Uma investigação da Polícia Federal revelou uma trama criminosa assustadora: um grupo usava farmácias de fachada em diversos estados brasileiros para roubar milhões do programa Farmácia Popular. O dinheiro desviado era usado para lavar recursos do tráfico internacional de drogas, incluindo a compra de cocaína no Peru e na Bolívia.

De acordo com a PF, cerca de R$ 40 milhões foram desviados por meio de documentos falsos, CPFs de pessoas inocentes e empresas abertas em nome de laranjas. A farsa começou a ser desvendada após a apreensão de quase 200 quilos de droga em Luziânia (GO), e logo se expandiu para cidades de Goiás, Pernambuco, Minas Gerais, São Paulo e Rio Grande do Sul.
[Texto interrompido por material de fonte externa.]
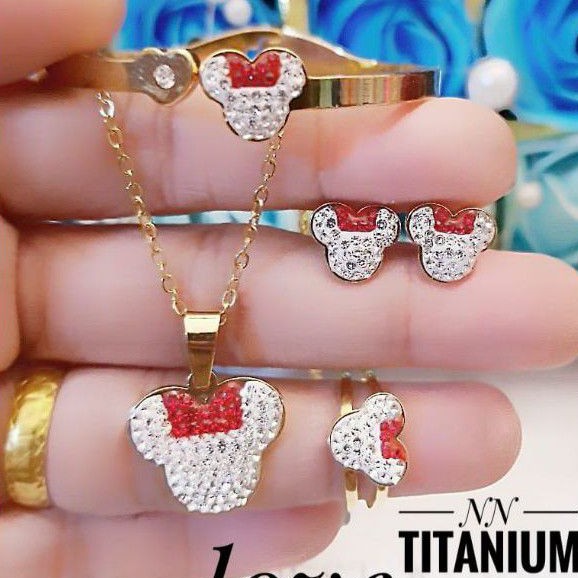 Titanium set perhiasan anak 1934m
Em Águas Lindas (GO), moradores se revoltaram ao descobrir que dois endereços do bairro onde vivem, e onde nunca houve farmácia, constavam como recebedores de quase meio milhão de reais do Farmácia Popular. “Moro aqui há cinco anos e nunca vi farmácia nesse endereço. Isso é uma sacanagem!”, desabafou uma moradora.

O rastro do crime foi seguindo até Clayton Soares da Silva, preso com o caminhoneiro que levava a droga. Clayton era dono de farmácias em Pernambuco e no Rio Grande do Sul, também envolvidas nos repasses ilegais. A partir do celular dele, a PF chegou ao cérebro do grupo: Fernando Batista da Silva, conhecido como “Fernando Piolho”, que teria usado até o nome da filha para movimentar o dinheiro sujo.
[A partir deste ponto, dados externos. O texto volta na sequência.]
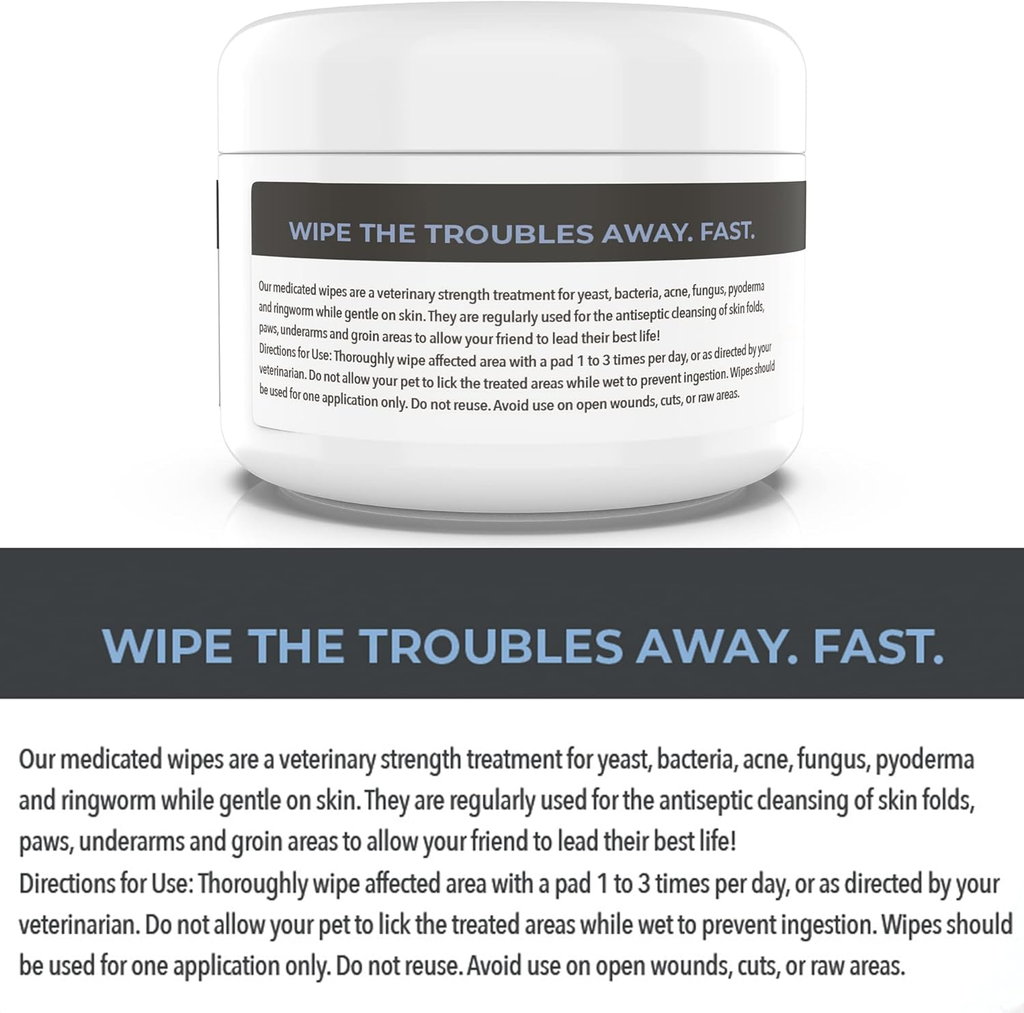 Chlorhexidine & Ketoconazole Medicated Pet Wipes for Dogs & Cats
Fernando, segundo os investigadores, tem ligação com o Comando Vermelho e lavava dinheiro por meio de empresas de fachada, como a Construarte, que movimentou mais de R$ 500 mil em repasses de investigados por tráfico. Parte desses recursos teria sido enviada a cidades próximas à fronteira com a Bolívia e o Peru.
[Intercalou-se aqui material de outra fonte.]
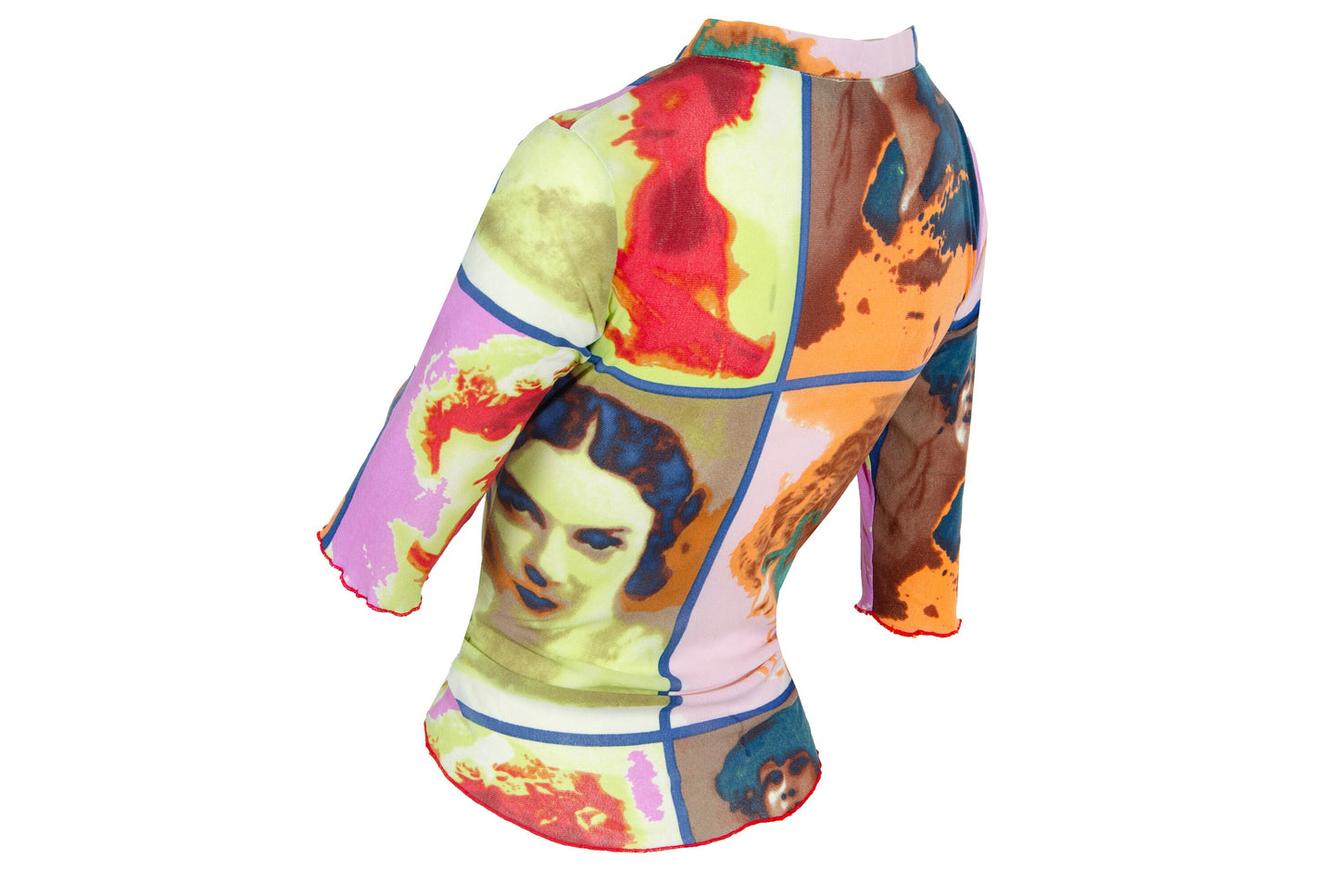 Vintage early 2000s pop art portraits Divina Marchesa print mesh top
Um dos nomes citados é Célia Aparecida de Carvalho, que cedia CNPJs ao grupo. Em um dos casos, uma farmácia registrada num lote baldio em Goiás usava um número de telefone de João Pessoa (PB) vinculado a ela.

O esquema afetou diretamente cidadãos comuns. O dentista Gustavo, de Sumaré (SP), descobriu que seu CPF foi usado para retirar até 20 caixas mensais de insulina – mesmo sem ser diabético. Outro caso envolve Francisca Ferreira de Souza, empregada doméstica registrada como dona de cinco farmácias e que, no papel, movimentou quase R$ 500 mil.

O Farmácia Popular, que deveria garantir medicamentos com até 90% de desconto para quem precisa, virou ferramenta de desvio e financiamento do narcotráfico. A PF identificou que 160 mil CPFs foram usados indevidamente e que 148 farmácias – reais ou fantasmas – participaram da fraude.

“Esse grupo criminoso transformou um programa social em uma máquina de lavagem de dinheiro para alimentar o tráfico”, afirmou o superintendente da PF do Distrito Federal, José Roberto Peres.

A investigação continua, e novas prisões não estão descartadas.